:: Source material ::

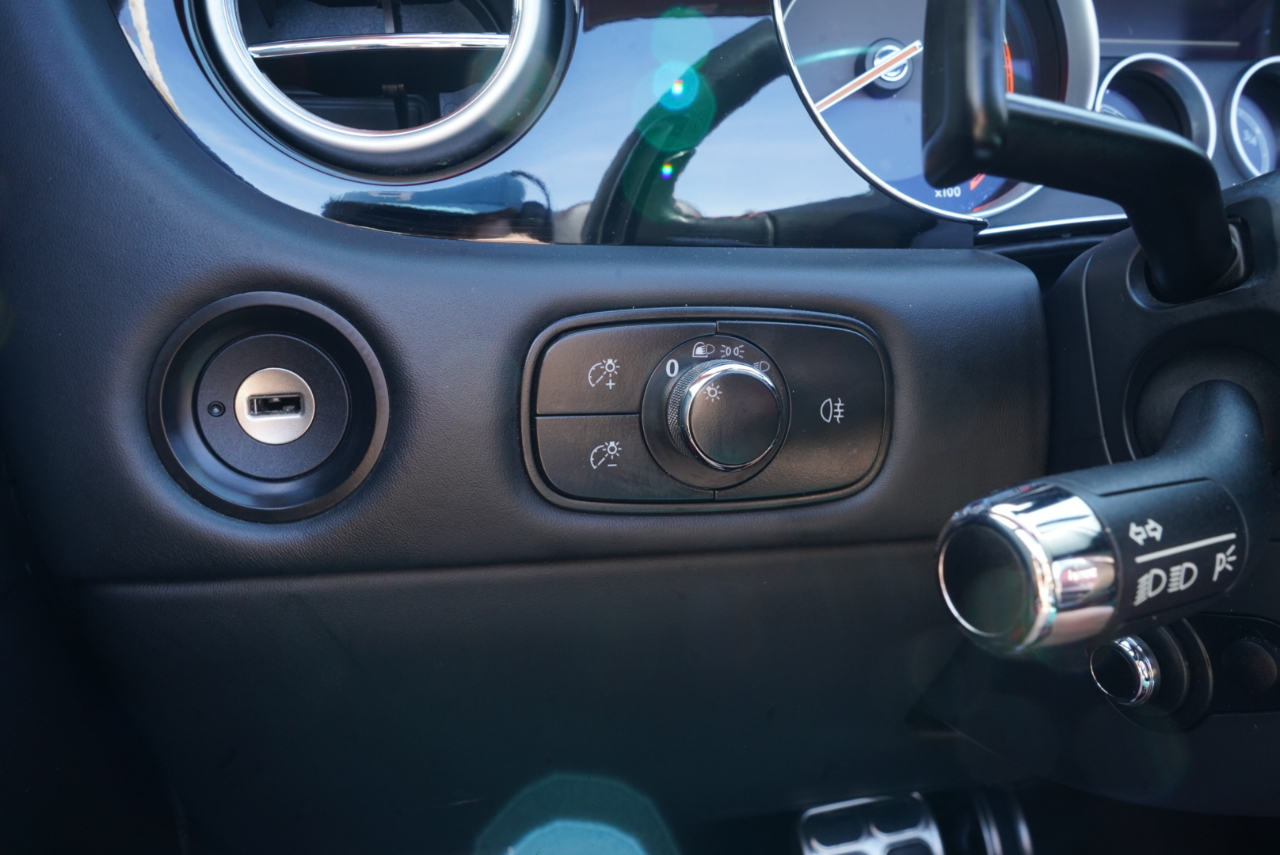Bentley Continental GT V8 2dr Conv 2013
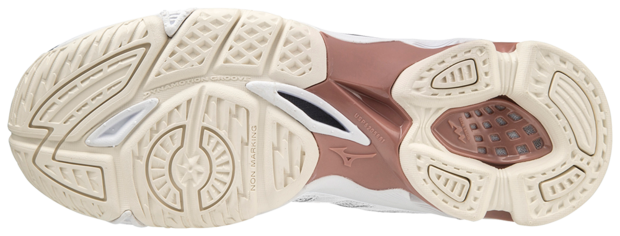 Mizuno wave Voltage MID | Dames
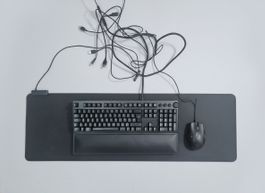 Razer Gaming Set: Huntsman Elite, Naga Trinity & Goliath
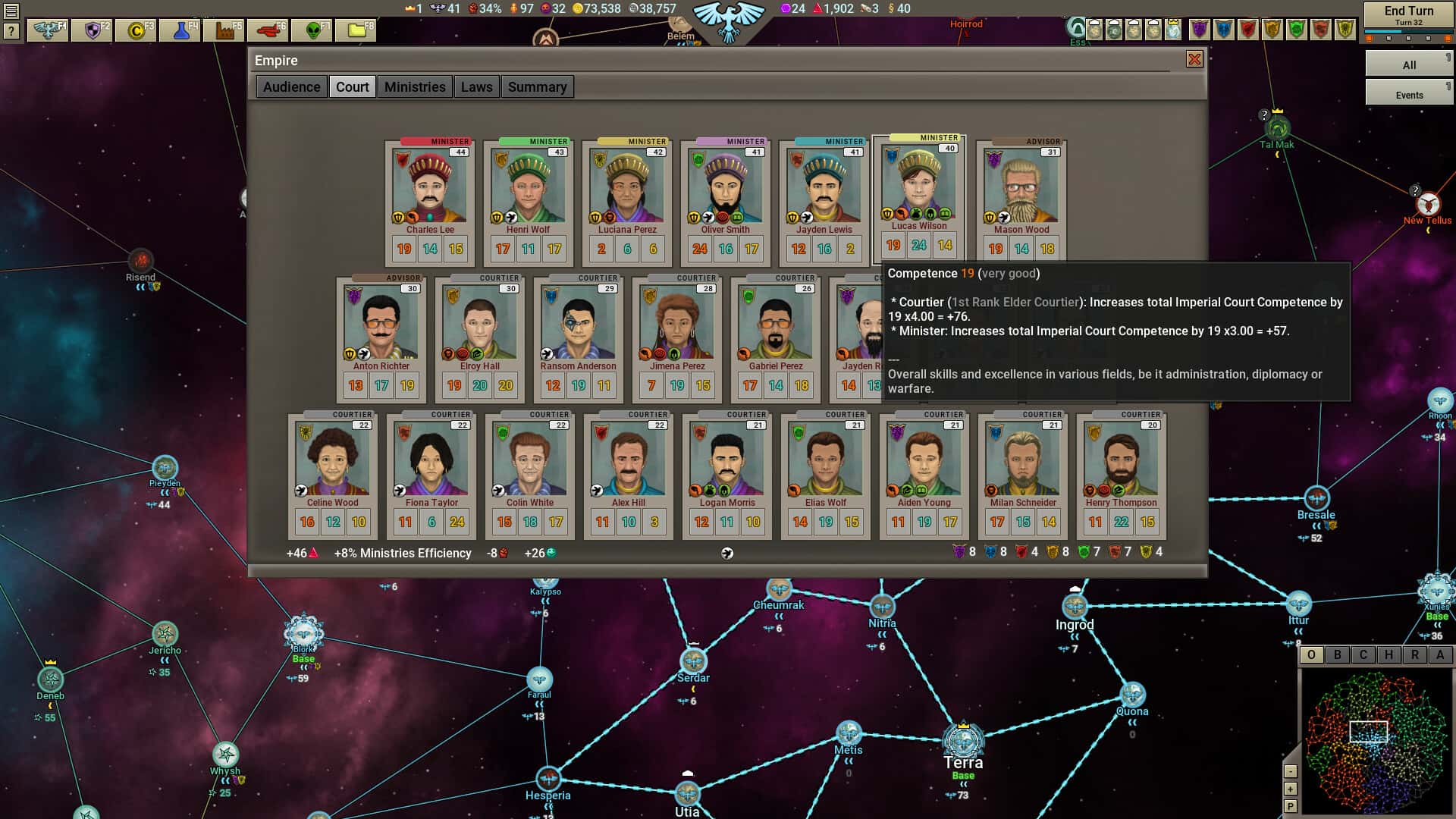 #2. Stellar Monarch 2 (GOG) 由: Silver Lemur Games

:::

▶ [What the task requires]: Everything in the listing should be repeated exactly except the pictures.

▶ [Solution for this task]:
Bentley Continental GT V8 2dr Conv 2013
 Mizuno wave Voltage MID | Dames
 Razer Gaming Set: Huntsman Elite, Naga Trinity & Goliath
 #2. Stellar Monarch 2 (GOG) 由: Silver Lemur Games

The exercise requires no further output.